- Abbreviation: YEŞİLLER
- Leader: Özlem Teke Taşdemir (female spokesperson) Koray Doğan Urbarlı (male spokesperson)
- Founded: 21 September 2020 30 June 2002 (First incarnation)
- Dissolved: 25 November 2012 (First incarnation)
- Split from: Green Left Party
- Headquarters: Ankara
- Ideology: Green politics Ecofeminism LGBT rights
- Political position: Centre-left
- Colours: Green
- Slogan: «Our house is burning! We will put this fire out!» (Turkish: «Evimiz yanıyor! Bu yangını söndüreceğiz!»)

Website
- yesiller.org.tr

= Greens Party (Turkey) =

The Greens Party (Yeşiller Partisi also Yeşiller for short) or Green Party is a green party in Turkey founded in 2020. The Interior Ministry blocked the party from standing in the 2023 elections.

== History ==
Greens Party (Yeşiller Partisi) (website yesiller.org) was a green liberal party in Turkey. Being the 57th political party of Turkey, it was established on 30 June 2008 after years of preparation since 2002.

A green party with the same name was established prior to its establishment in 1988 (its founding President was former Health Minister Celal Ertuğ (in Turkish)). The latter was closed down in 1994, and its third and last President was Aydın Ayas, who took the eco-liberal turn for the party.

Greens maintained local branches and initiatives in Istanbul, Ankara, İzmir, Bursa, Tekirdağ, and Antalya. Greens were known as the Greens of Turkey (Türkiye'nin Yeşilleri, Yeşiller Partisi) prior to the founding of the party. The party held its first general congress on 6 June 2010.

In November 2012, it merged with the Equality and Democracy Party to form the Greens and the Left Party of the Future, YSGP for short. The party is one of the participants in the Peoples' Democratic Congress, a political initiative instrumental in founding the Peoples' Democratic Party in 2012. The Greens, along with feminists, left YSGP en masse in 2016, citing its lack of democratic decision making practices.

After the splitting, Yeşil Siyaset Meclisi was founded with the idea of founding a green party again one day. After four years of preparation, Yeşiller Partisi was founded on 21 September 2020 again with 110 founding members; 55 of these members were women and 55 were men.

In 2020, the Greens submitted documents to the Ministry of the Interior to register their status as a political party, so their name could be written on ballot papers. In 2021 the Greens filed a lawsuit against the ministry over the delay in providing the receipt stipulated in the Political Parties Law. In February 2023, the Ankara 8th Administrative Court ruled that the Interior Ministry must issue the receipt.

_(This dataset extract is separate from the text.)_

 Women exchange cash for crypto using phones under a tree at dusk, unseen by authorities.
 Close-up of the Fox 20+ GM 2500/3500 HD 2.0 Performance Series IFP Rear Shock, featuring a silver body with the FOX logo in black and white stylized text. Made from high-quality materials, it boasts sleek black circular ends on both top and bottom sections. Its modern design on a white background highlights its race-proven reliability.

The party endorsed Kemal Kılıçdaroğlu for the 2023 Turkish presidential election. For the parliamentary elections, on the other hand, the party established an electoral alliance with the Workers' Party of Turkey (TİP), and its spokerpersons, Özlem Taşdemir Teke and Koray Doğan Urbarlı, decided to run as candidates on TİP's lists.

== Party programme ==

- Carbon-free economy: Greens say that fossil fuel dependency is the main cause of the climate change that has shaken political and social structures, and economic dynamics around the world; and of climate change in Turkey. They aim to stop all fossil fuel use by 2050 and reduce the nation's greenhouse gas emissions to net zero. In order to achieve this Greens encourage responsible use of the nation's solar energy and wind power and phasing out the use of coal in Turkey.
- Green New Deal: Greens aim for a total transformation of the economy of Turkey by supporting the nation's energy and transport infrastructure change, energy efficiency, creating good jobs, increasing the quality of life, cooperatives, sustainable tourism in Turkey, small scale agriculture in Turkey, care services, alternative and informal jobs.
- Water as a right for all: Greens say that water is a commons that belongs to all humans, other living beings and future generations. Greens will develop policies that will repair the broken hydrological cycle and foster water conservation in agricultural, domestic and industrial domains.
- Good, Clean, Healthy Food for All: Greens will ban pesticides which put the country's biodiversity, natural resources, human and animal lives at risk. They aim to create a support system to prevent the farmers dependency on companies and pesticides, and focus on preventing the depletion of natural resources, soil degradation, deforestation and desertification through holistic, restorative and sustainable agricultural practices.
- Gender and Sexuality: Greens say that gender and sexuality in the country is an area of rights, equality and freedom and set out to displace the patriarchal ideology and make structural and relational change in order to achieve liberation for all individuals, women, men and LGBTQI+ through equal citizenship.